Thursday, September 17, 2009

OSF: Much Ado About Nothing

Weisenheimer has seen Much Ado About Nothing about a zillion times. My Sweetie, the official scorer, and I wore out a VHS version of the 1993 Kenneth Branagh film before finally springing for the DVD, which we watch frequently. Thus, we were delighted to lead off our week at the Oregon Shakespeare Festival with a production of Much Ado on the outdoor Elizabethan Stage, but wondered what they could do to get around the well-remembered images of Branagh, Emma Thompson, and the film cast.

OSF delivered.

Director Kate Buckley set the OSF production in post-WWII Italy. (Sweetie speculates that the costume department scored a big discount on a supply-truck load of 40s military regalia.) Buckely restored a lot of dialog that Branagh cut. And she cast the major combatants/lovers, Beatrice and Benedick, as much older characters than is typical. Robynn Rodriguez and David Kelly were marvelous as the lead couple.

Kelly in particular was hilarious, not only in his verbal sparring with Rodriguez but in a number of slapstick scenes as well. Particularly riotous was the scene in which his cohorts attempted to plant the seed that Beatrice loved him. He started out hiding behind the wall of an on-stage pond, skulked around behind various props around the stage until he found himself back at, then underwater in, the pond. A couple of prodigious spit takes and requisite splashing of the front-row folks, and he was off!

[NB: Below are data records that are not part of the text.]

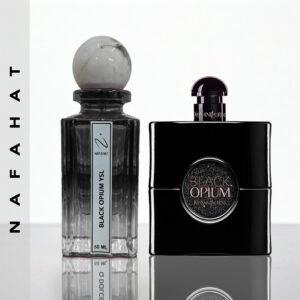Yves Saint Laurent Black Opium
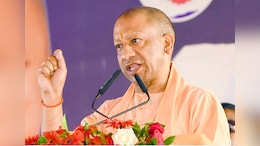 'Cried Over Gaza, Not A Word On Bangladesh': Yogi Adityanath Slams Opposition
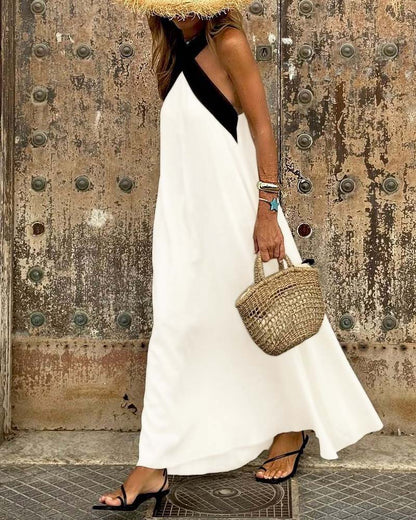 Serena™ | Cross Skirt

A great surprise was a virtuoso performance by Peter Macon in the role of Don Pedro. We pretty well dissed Macon for his performance as Othello in his OSF debut last year. But he showed great range and comedic chops as the leader of the returning warriors in this production.

OSF veteran Tony DeBruno is a hoot as the bumbling constable Dogberry. I would be remiss if I did not write down here that he is an ass. Juan Rivera LeBron and Sarah Rutan were fine as the young lovers Claudio and Hero, though Claudio is such a schmuck you want to slap him, falling for the trick that made him slander his honey at the altar. Christopher Michael Rivera drew the short straw and had to play Don John the bastard. I'm really looking forward to someone taking that role and doing it up nasty. Bill Geisslinger was steady and agitatable as our host Leonato.

My one real quibble was that Kelly raced through Benedick's play closing speech awfully rapidly. That college-of-witcrackers thing is one of my favorites, and it was over before it began. All in all, OSF's Much Ado was an entertaining success.